╭─ Data

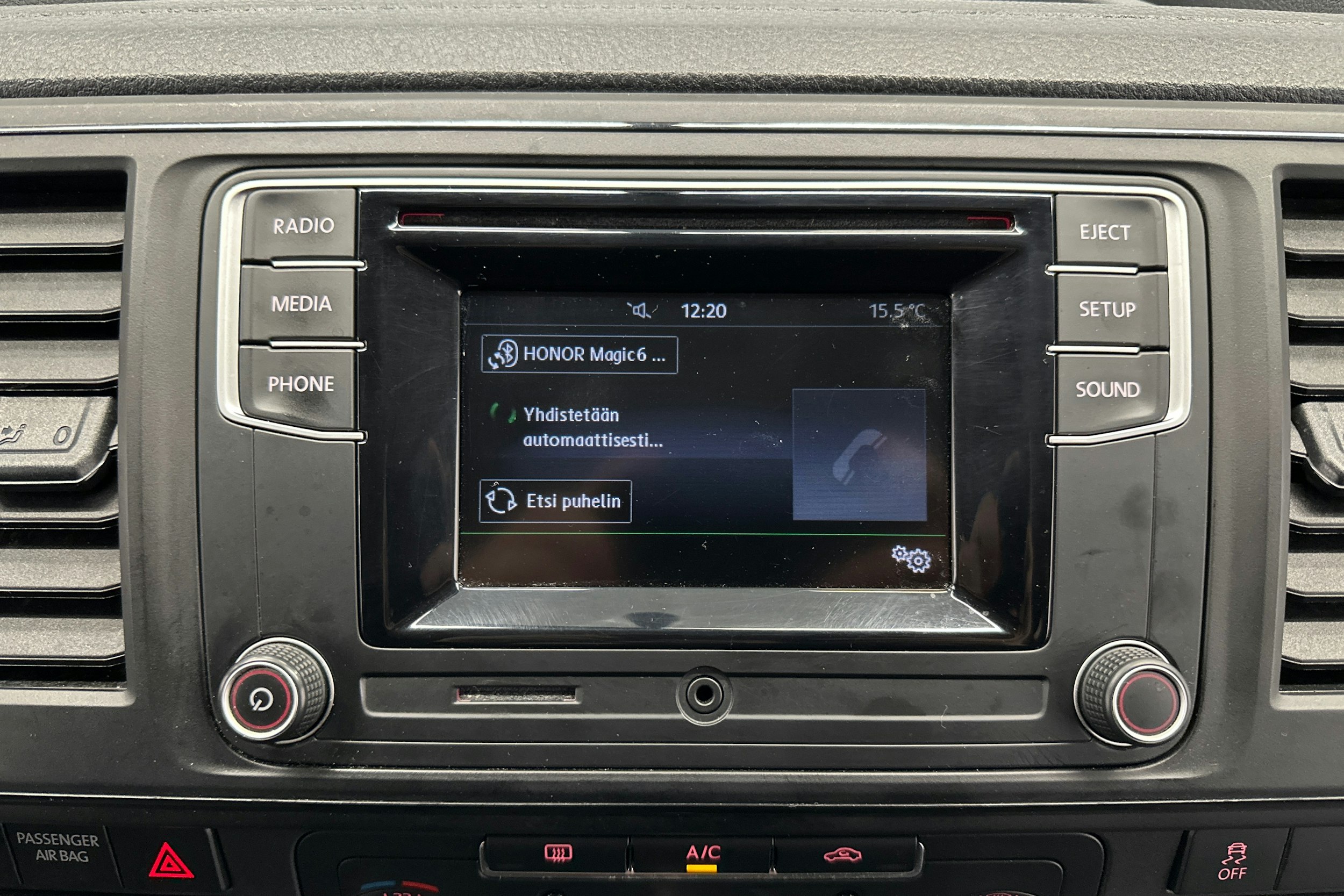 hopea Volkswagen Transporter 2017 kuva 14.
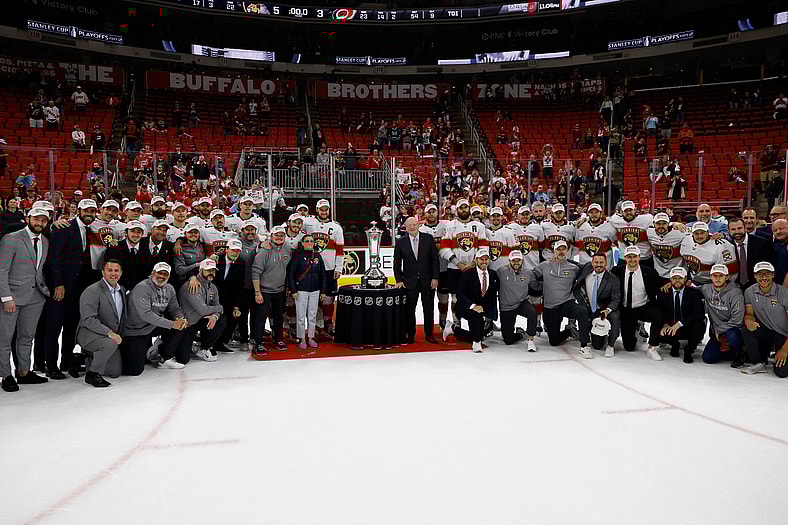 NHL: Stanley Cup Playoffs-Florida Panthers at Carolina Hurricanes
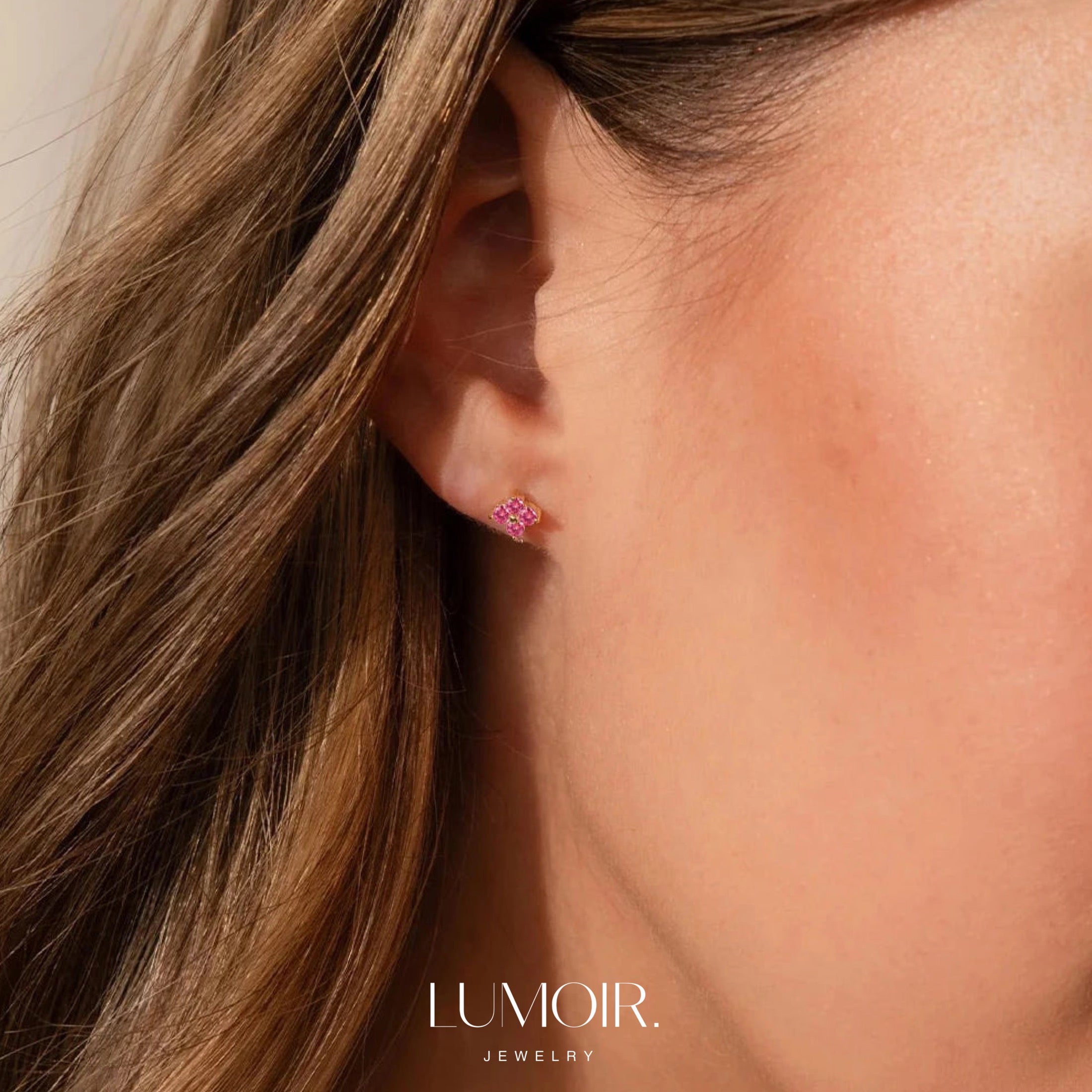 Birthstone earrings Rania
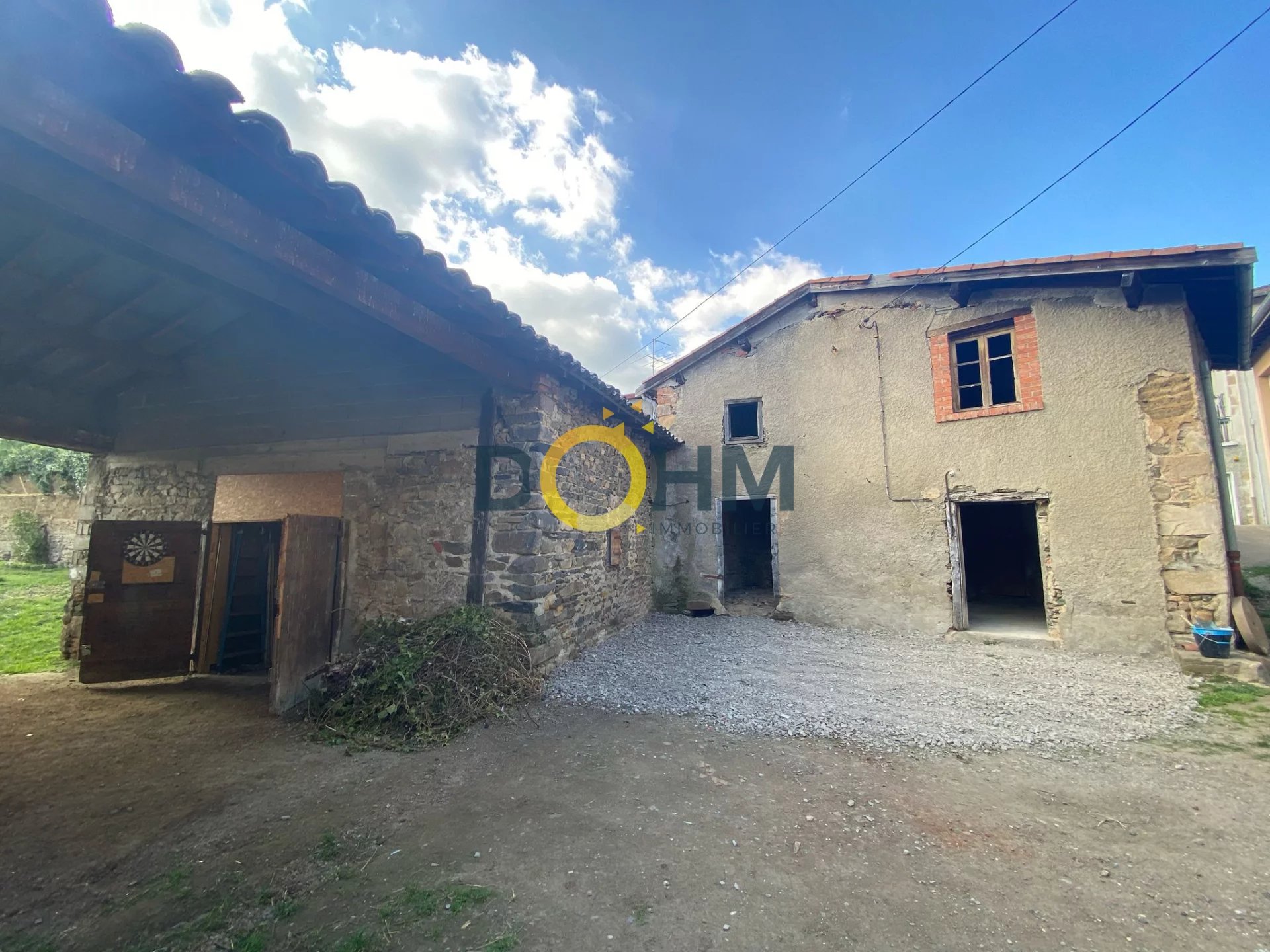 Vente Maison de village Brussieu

╰─

» **What is expected**
Your copy of the material above should be exact and free of pictures.

» **Written answer**
 hopea Volkswagen Transporter 2017 kuva 14.
 NHL: Stanley Cup Playoffs-Florida Panthers at Carolina Hurricanes
 Birthstone earrings Rania
 Vente Maison de village Brussieu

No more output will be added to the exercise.